• _WHAT IS NEEDED_
Each record below should be returned word for word, with no pictures included.

(Captioned web image data)
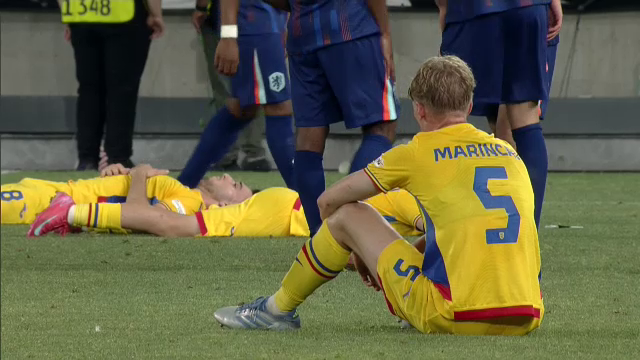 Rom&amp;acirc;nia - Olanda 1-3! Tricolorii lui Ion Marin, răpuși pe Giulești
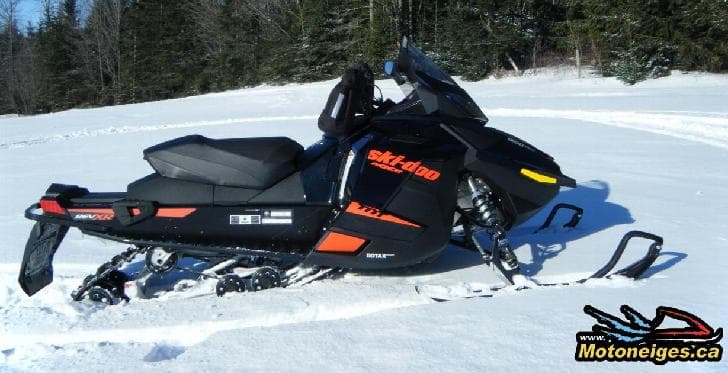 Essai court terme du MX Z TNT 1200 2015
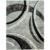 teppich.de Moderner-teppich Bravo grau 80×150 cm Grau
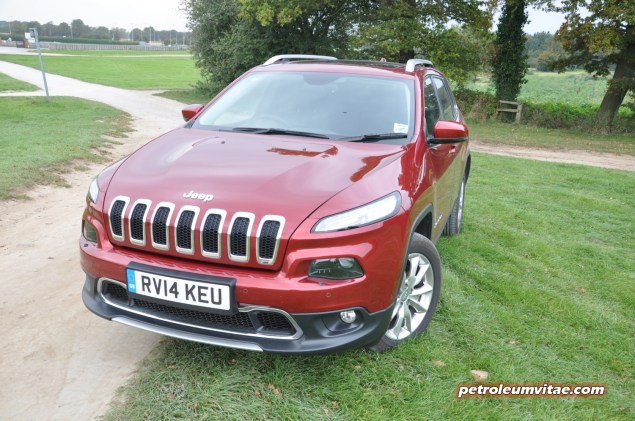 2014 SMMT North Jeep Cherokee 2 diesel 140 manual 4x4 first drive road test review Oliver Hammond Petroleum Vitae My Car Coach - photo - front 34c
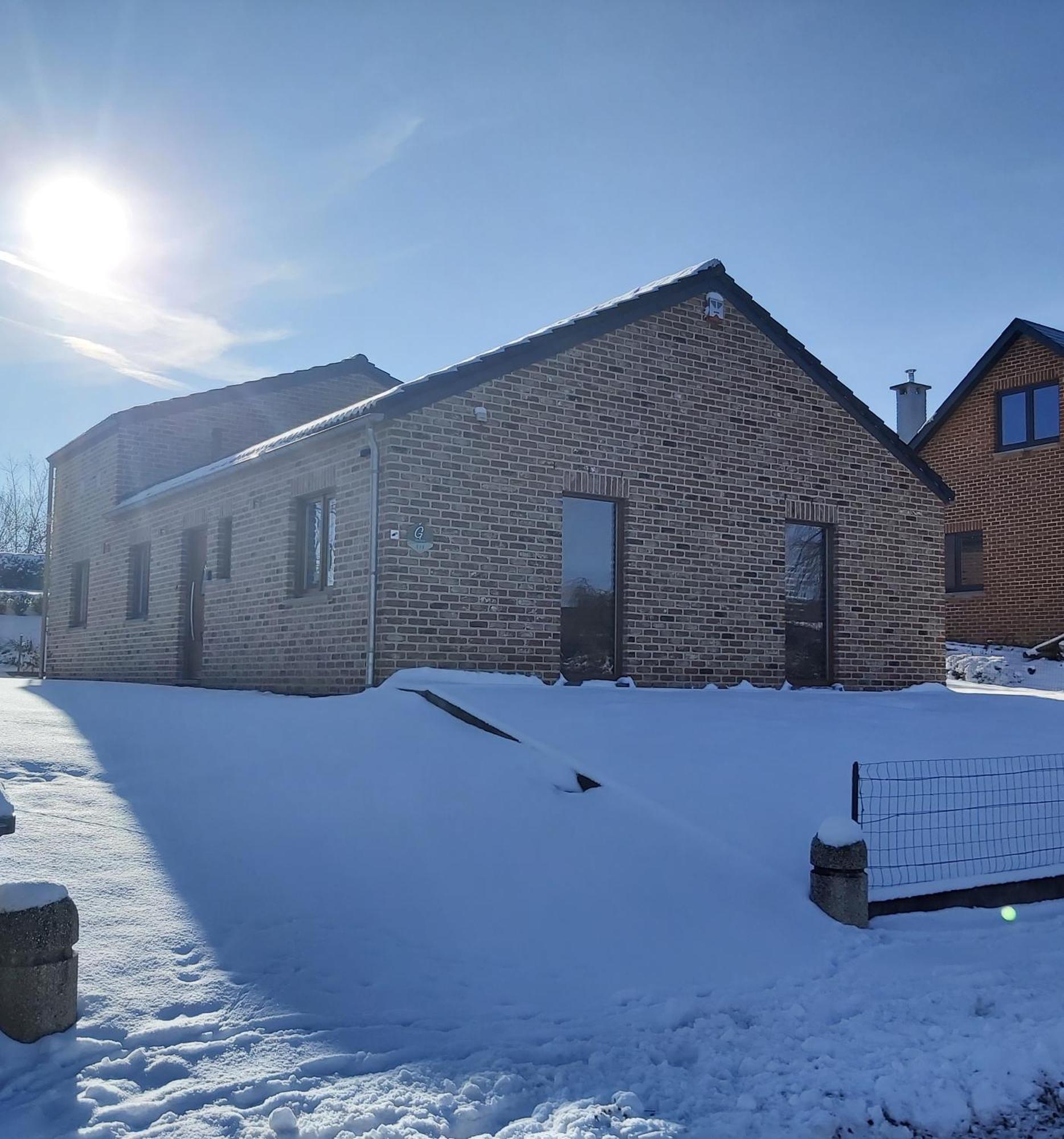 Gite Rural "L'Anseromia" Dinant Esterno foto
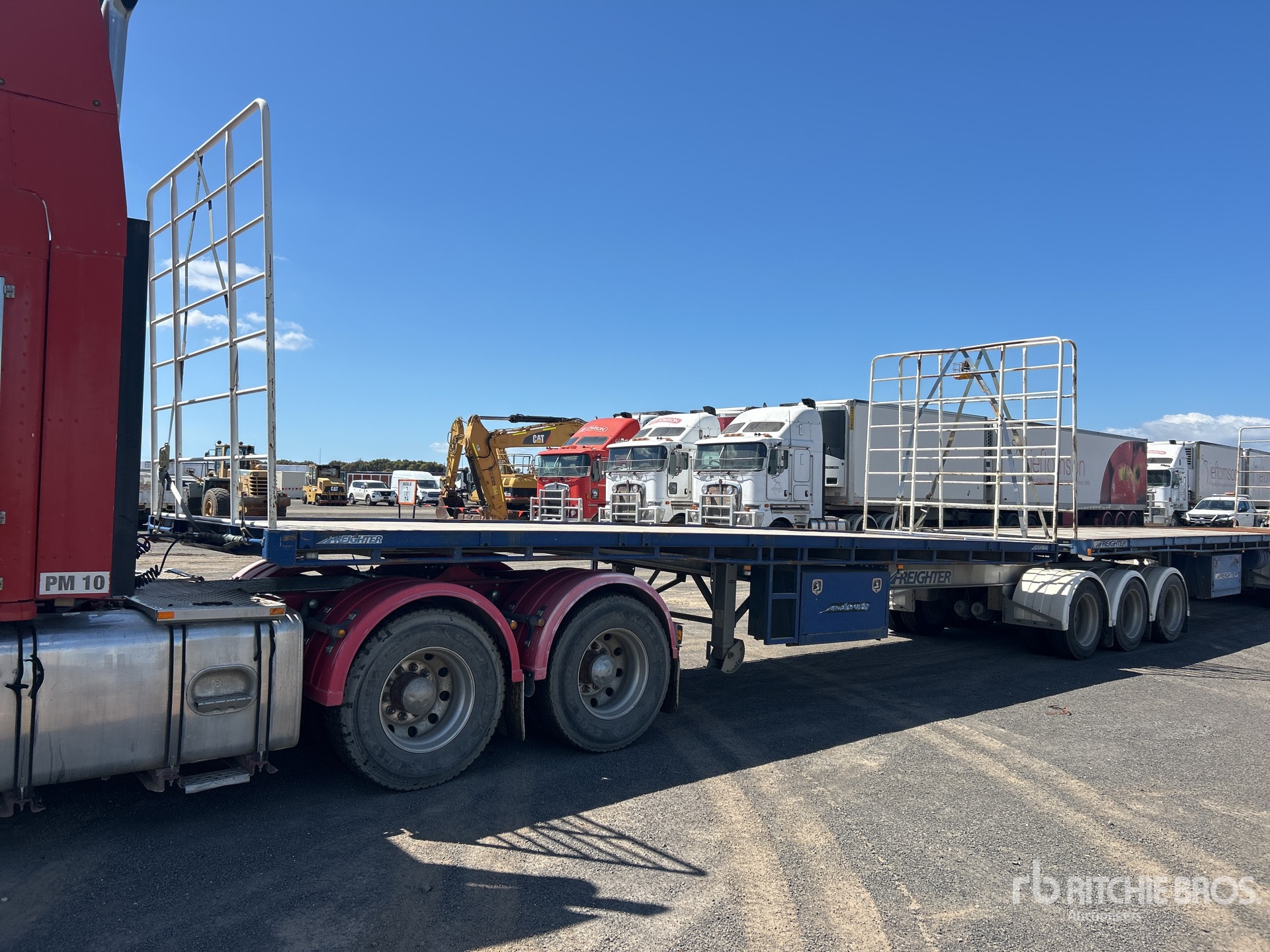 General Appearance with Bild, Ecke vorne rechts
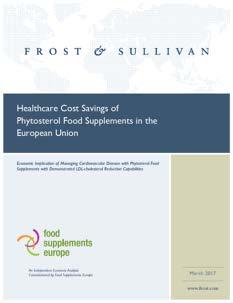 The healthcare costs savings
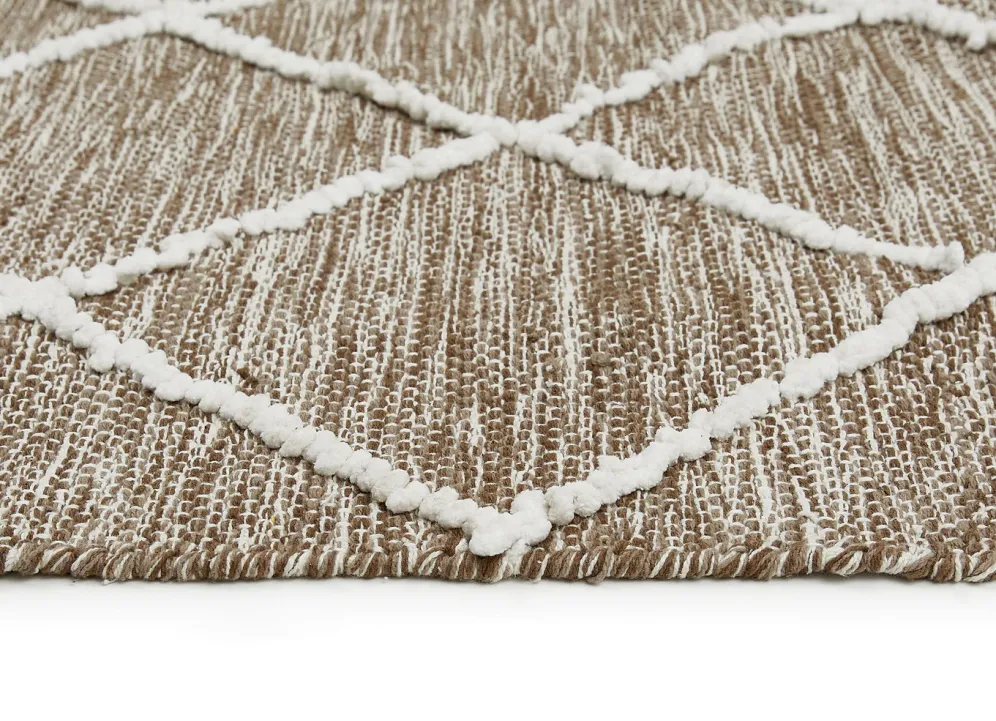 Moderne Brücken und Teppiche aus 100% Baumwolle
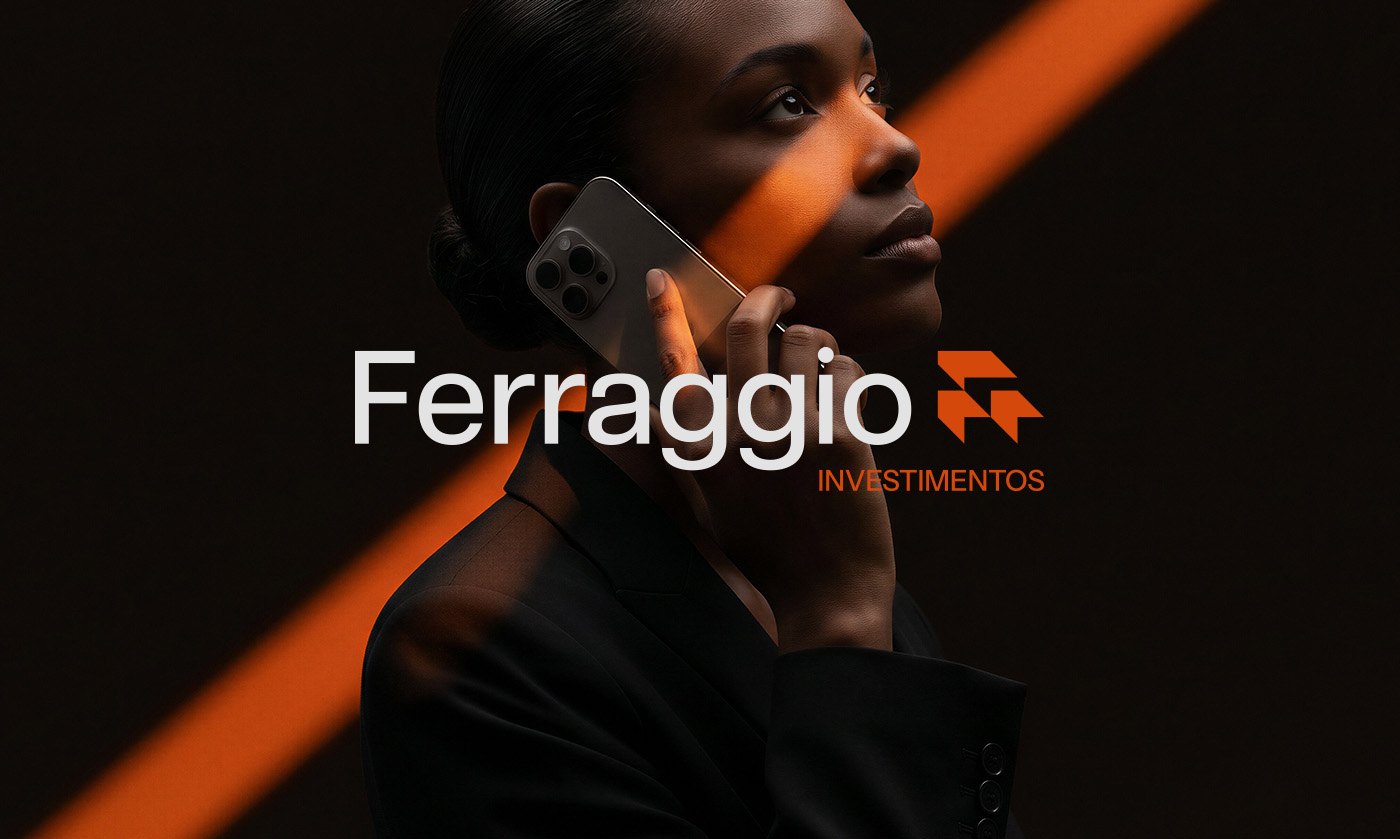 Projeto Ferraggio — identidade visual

• _EXERCISE RESPONSE_
 Rom&amp;acirc;nia - Olanda 1-3! Tricolorii lui Ion Marin, răpuși pe Giulești
 Essai court terme du MX Z TNT 1200 2015
 teppich.de Moderner-teppich Bravo grau 80×150 cm Grau
 2014 SMMT North Jeep Cherokee 2 diesel 140 manual 4x4 first drive road test review Oliver Hammond Petroleum Vitae My Car Coach - photo - front 34c
 Gite Rural "L'Anseromia" Dinant Esterno foto
 General Appearance with Bild, Ecke vorne rechts
 The healthcare costs savings
 Moderne Brücken und Teppiche aus 100% Baumwolle
 Projeto Ferraggio — identidade visual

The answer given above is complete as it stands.